Integrated writing support at the Durban University of Technology writing centre

Durban University of Technology established its writing centre in 2013, as an independent unit outside of academic faculties. There are six writing centres located across the Durban and Pietermaritzburg campuses of the university. The writing centre offers a student-centred collaborative learning space that focuses on developing students’ academic literacies. It offers writing companionship for all students and staff, through one-on-one and group consultations, responsive workshops and writing tutorials. The writing centre recruits’ postgraduate students from multiple disciplines as writing tutors.
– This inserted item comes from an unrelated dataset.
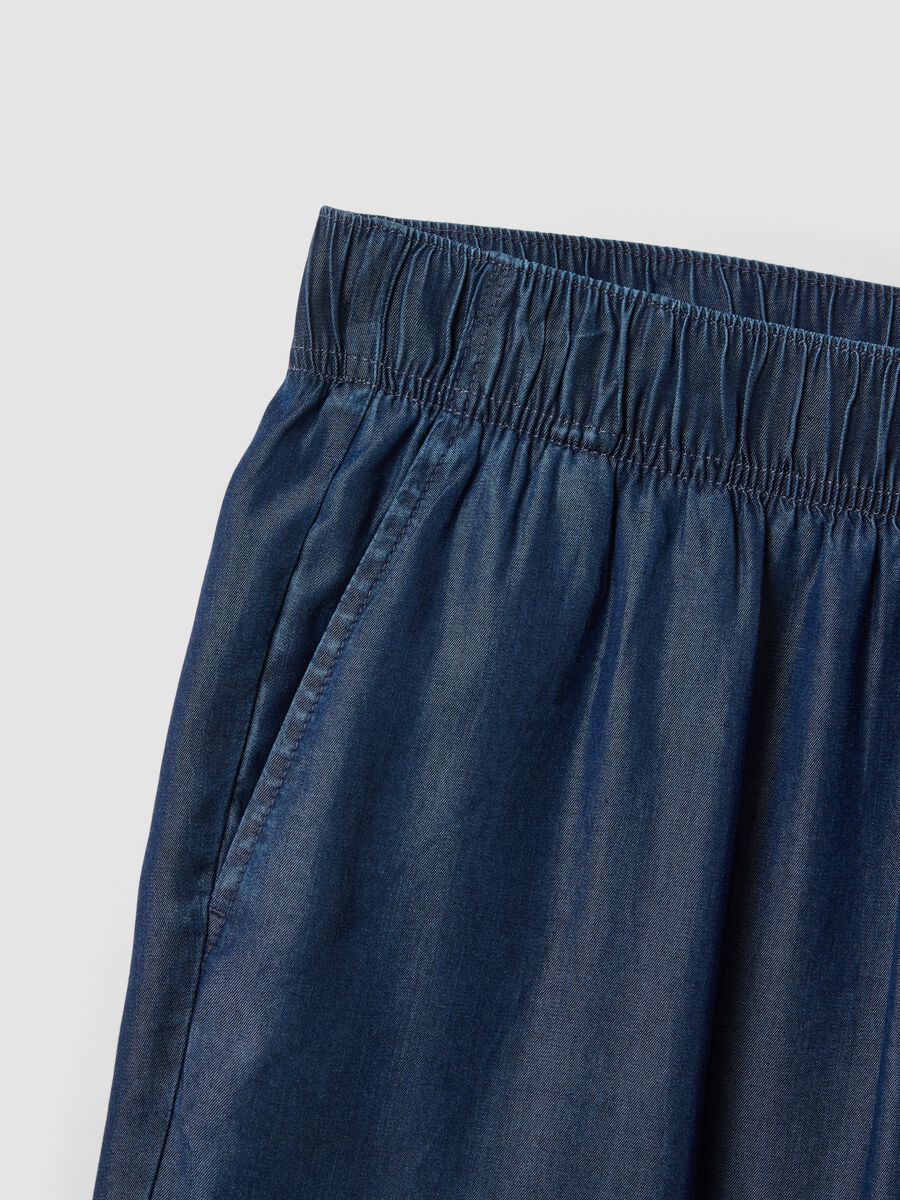 Blue pure lyocell trousers with elasticated waist, regular fit_6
This enables tutors to share disciplinary knowledge and effectively engage with all students.18 The writing centre is fully funded by the University Capacity Development Grant (UCDG) and is one of the university’s special projects.

In addition to generic support, the writing centre offers embedded academic literacy support to students in the foundational programmes of the different departments. In 2018, the writing centre in the Pietermaritzburg campus entered into a collaborative arrangement with the Department of Nursing’s Extended Curriculum Programme (ECP). The arrangement was to give academic writing support to the ECP students as part of the Essentials for Professional Practice (EPP) module, which is aimed at equipping students with essential skills to succeed in their academic and professional activities. As academic literacy is seen as one of those essential skills in both aspects, the writing centre had to engage with all first-year ECP students, through in-class writing tutorials, workshops and one-on-one and group consultations. With regard to the academic literacies theory in teaching practice underpin the centre’s integrated writing intervention programmes through interdisciplinary collaboration. The activities include support on basic academic writing practices, an offering of context-embedded tutorials and integrated examples of content knowledge.

The content of writing tutorials is specific to nursing and designed collaboratively with the lecturers from the Department of Nursing. This is in line with the view of Clarence who asserted that the strength of writing centre practice is in constantly finding new innovative ways of collaborate with departments of various disciplines to ensure that writing development is embedded in specific academic practice.3 The writing tutorials focus on the low order concerns (LOCs) that generally concentrate on sentence structure, punctuations, spelling, word choice, grammar and mechanics. The workshops and writing consultations focus on higher order concerns (HOCs), which are crucial elements of assignment writing. These include thesis or focus, audience and purpose, organisation, development and referencing. The HOCs writing support adopts the process approach to academic writing, in which students are encouraged to develop their writing through a series of iterative stages.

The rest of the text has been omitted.